_Work to complete_.
For the listing that follows, give again exactly the lines from the one with "RARE DAISY Dr." to the one with "Gold Decorative Bow", including both.

_Data extract_.

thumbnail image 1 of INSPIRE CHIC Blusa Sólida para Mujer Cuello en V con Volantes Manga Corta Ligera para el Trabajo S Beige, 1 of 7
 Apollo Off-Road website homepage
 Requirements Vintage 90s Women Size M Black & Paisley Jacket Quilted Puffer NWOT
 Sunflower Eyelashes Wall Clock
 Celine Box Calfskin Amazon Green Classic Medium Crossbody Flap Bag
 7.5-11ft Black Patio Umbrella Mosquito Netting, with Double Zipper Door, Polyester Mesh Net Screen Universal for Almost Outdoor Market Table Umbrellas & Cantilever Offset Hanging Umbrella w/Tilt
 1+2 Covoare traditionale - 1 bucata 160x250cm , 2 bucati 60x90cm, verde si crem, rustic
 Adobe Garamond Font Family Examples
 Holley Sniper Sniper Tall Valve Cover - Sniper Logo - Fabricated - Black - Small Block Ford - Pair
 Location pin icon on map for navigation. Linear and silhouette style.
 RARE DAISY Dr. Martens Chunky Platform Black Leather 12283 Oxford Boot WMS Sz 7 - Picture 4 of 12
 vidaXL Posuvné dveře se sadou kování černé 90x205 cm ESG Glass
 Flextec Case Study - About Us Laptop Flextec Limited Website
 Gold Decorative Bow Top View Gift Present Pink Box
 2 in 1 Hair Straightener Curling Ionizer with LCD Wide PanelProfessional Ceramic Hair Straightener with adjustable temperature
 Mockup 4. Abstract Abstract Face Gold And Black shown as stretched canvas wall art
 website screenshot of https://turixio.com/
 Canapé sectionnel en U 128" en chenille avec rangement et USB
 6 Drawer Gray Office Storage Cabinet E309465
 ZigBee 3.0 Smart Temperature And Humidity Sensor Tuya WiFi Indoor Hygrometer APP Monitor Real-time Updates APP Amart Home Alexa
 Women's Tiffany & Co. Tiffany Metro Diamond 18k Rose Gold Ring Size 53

_Task result_.
 RARE DAISY Dr. Martens Chunky Platform Black Leather 12283 Oxford Boot WMS Sz 7 - Picture 4 of 12
 vidaXL Posuvné dveře se sadou kování černé 90x205 cm ESG Glass
 Flextec Case Study - About Us Laptop Flextec Limited Website
 Gold Decorative Bow Top View Gift Present Pink Box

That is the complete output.